Ease yourself into reading complex journal articles by first reading overviews or introductory texts to get a basic understanding; build on this by going further into current research; then develop a wider focus by reading a few related articles to get a range of views, or a different perspective.
As well as gaining specialist subject knowledge, you need to read more widely to 1) set your topic in a wider context and 2) understand theoretical frameworks which will help you analyse your topic.
For example, imagine you wanted to write about the Canadian-Caribbean author Nalo Hopkinson. You are interested in the way she uses the science fiction genre to explore ideas of alien-ness and belonging in society. You might start by reading her novels (primary sources) and what critics have written about her work (secondary sources).

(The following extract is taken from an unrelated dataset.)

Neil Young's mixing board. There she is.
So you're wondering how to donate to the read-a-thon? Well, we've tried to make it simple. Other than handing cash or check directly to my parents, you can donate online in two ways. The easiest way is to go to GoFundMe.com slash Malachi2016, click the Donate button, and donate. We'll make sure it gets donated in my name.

However at Masters level you would also be expected to place her work in a wider context which considers how her work fits within the concept of 'literature' as a whole. Hopkinson's work is considered to be science fiction, but it also draws on Caribbean literature and myth. So you would need to read more broadly to understand how science fiction as a genre is constructed; how science fiction may use mythical structures from other cultures; and also the debates about the relationship between popular genres like science fiction, and more 'academic' forms of literature like Caribbean poetry.

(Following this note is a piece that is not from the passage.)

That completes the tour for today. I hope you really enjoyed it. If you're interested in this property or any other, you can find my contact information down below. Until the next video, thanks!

You may not need to refer in detail to all your contextual reading when writing assignments, but it enriches your understanding because a) you are aware of how your topic is positioned within the larger debates in your subject; b) you can see how the key boundaries and concepts of your subject are under dispute.

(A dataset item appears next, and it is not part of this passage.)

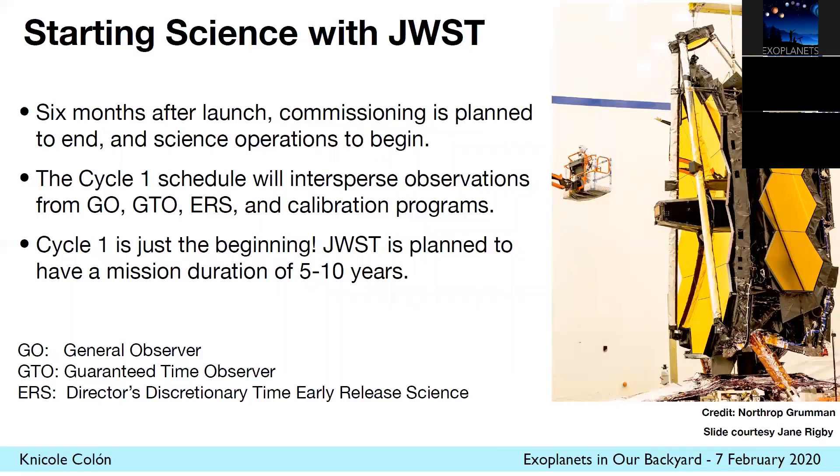I wanted to point out here that the first year of science is called Cycle One, and it'll consist of a mix of programs. Acronyms are defined here: GEO, GTO, and ERS programs, as well as calibration programs, will be what the first year of science is consisting of. And of course, it's just the beginning.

If you are interested in how Hopkinson's work explores ideas of alien-ness and belonging, you would also need to read relevant theories to give you the tools to be able to analyse her work. You identify recurring images of crossroads and encircled cities in her work, but you don't know why these are important or what to do next with this observation. However, on reading postcolonial cultural theories, you discover that the tension between ideas of the imperial 'centre' and colonial 'periphery' helps you explain how Hopkinson's imagery uses space to show the power relationships in ideas of belonging and exclusion.
Theories may seem intimidatingly abstract, but they are really useful tools. They provide frameworks or sets of ideas which you can apply to your specific topic. As theories are abstract and general, it means they will never explain everything or be a perfect 'match' for your topic, so this gives you scope to critically analyse them - What does the theory fail to consider? Where are the gaps in the theory? How does the theory fit with 'real life' practice or specific examples?
Part of doing a Masters degree also involves developing your abilities to identify, locate, and manage wider sources. To find the more specialist sources you need for your course, particularly for longer projects and dissertations, take the opportunity to use libraries and archives beyond the University Library at Reading.
You may find it useful to know about:
- Subject specific databases and search engines
- Finding conference papers and theses
- Automatic email alerts when new journal articles are published in your field
- Reference managing software like Endnote
- Using libraries outside of Reading and inter library loans
See the Library home page or ask your liaison librarian for more details.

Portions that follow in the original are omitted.